11月にバルセロナ国際ギターコンクールというものが開催されるのですが、彼の新作である「Oh Guitarra」という作品が、このコンクールの1次予選の課題曲なのです。
実は5日ほど前彼から電話があったのです。
チェルビート氏(以下C) 「どうかね、、、Oh Guitarraの練習は頑張っているかね。。。」
僕 「あ、はい、頑張ってます!」
C 「どうかね、、、あの作品は好きかね?」
僕 「あ、はい、好きです!」
C 「あの作品はとても難しい。。。多くの指示や特殊奏法がふんだんに含まれている。。。
どうかね、、、君にアドバイスを与えることができるんだが。。。」
僕 「あ、それは、レッスンとしてですか・・・?」
C 「Exacto!!(その通り)」(←キッパリと)
立場的に断ることができなかったのでお願いしたのでした。
レッスンで感じた彼の音楽性というのは、とにかくアグレッシブの一言。ギターをそれ以上強く弾いてももうそれ以上音は出ないよ、というレベルでの右手(じゃなくて、彼はサウスポーなので左手)の弾弦の強さ。
僕の演奏へのアドバイスも「もっと強く!もっと強く!」、これが約2時間繰り返されたのでした。
初め、このレッスンがいいものだとは思えず、何か無頓着な演奏法を強要されているようにしか感じられなかったのでした。。。
しかし、時間が経つにつれ、何かが変わっている自分に気付く僕。
何かスペインに来て3年の間に、いつしか忘れていた感覚というか何と言うか。
僕はもともと情熱的な音楽をしたいといつも思っていたのでした。それが、スペインに来てからというもの、音色の変化であったり、丁寧なフレージングであったりといった音楽表現を追求するあまり、いつしかアグレッシブさというものを忘れていたような気がします。
だからといって、丁寧な音楽表現が悪いわけではない。
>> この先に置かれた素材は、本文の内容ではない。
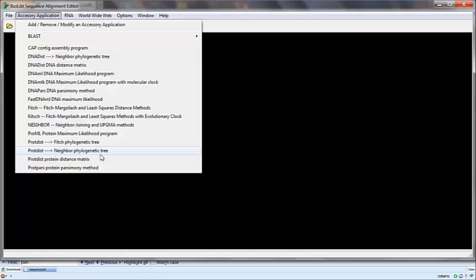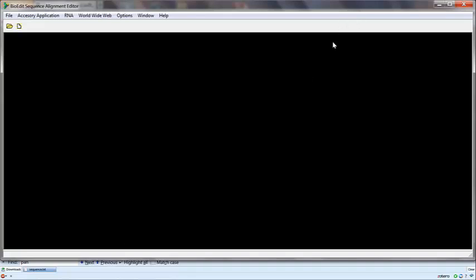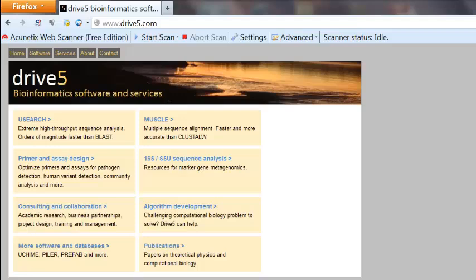Today I'm going to add a sequence alignment program named MUSCLE. It's a pretty good piece of software — much faster than ClustalW — and I often find it does a pretty good alignment between DNA or protein sequences.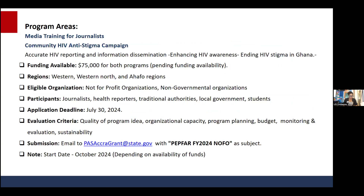To quickly touch on the objectives: we want to increase access to HIV testing and counseling services, ensure the timely initiation and adherence to ART — the antiretroviral drugs — and strengthen health systems and capacity building efforts. For the State Department specifically, we want to provide accurate HIV reporting and relevant information dissemination, because HIV and AIDS is a very technical area, and if you don't have the knowledge, you may not be able to pass on accurate information to your target audience.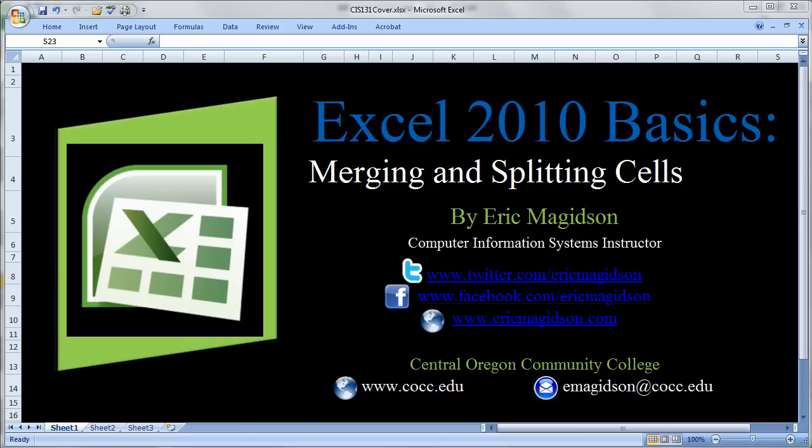Eric Magidson here with Excel 2010 Basics, Merging and Splitting Cells. Let me remind you that these basic concepts of Excel we're discussing do apply to previous versions of Excel, such as Excel 2007.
もともと僕の持っている音楽性の中に、PPやPPPがあるとすれば、Fの方の上限をFFやFFF、もしくは我を忘れたFFFFに引き上げることができれば、もっと幅の広いスケールの大きな音楽ができるではないか。。。
そんなことに今更ながら気付かされたわけです。
M・A・チェルビート氏には、大変いいレッスンをして頂いたと今では心から感謝しているのです。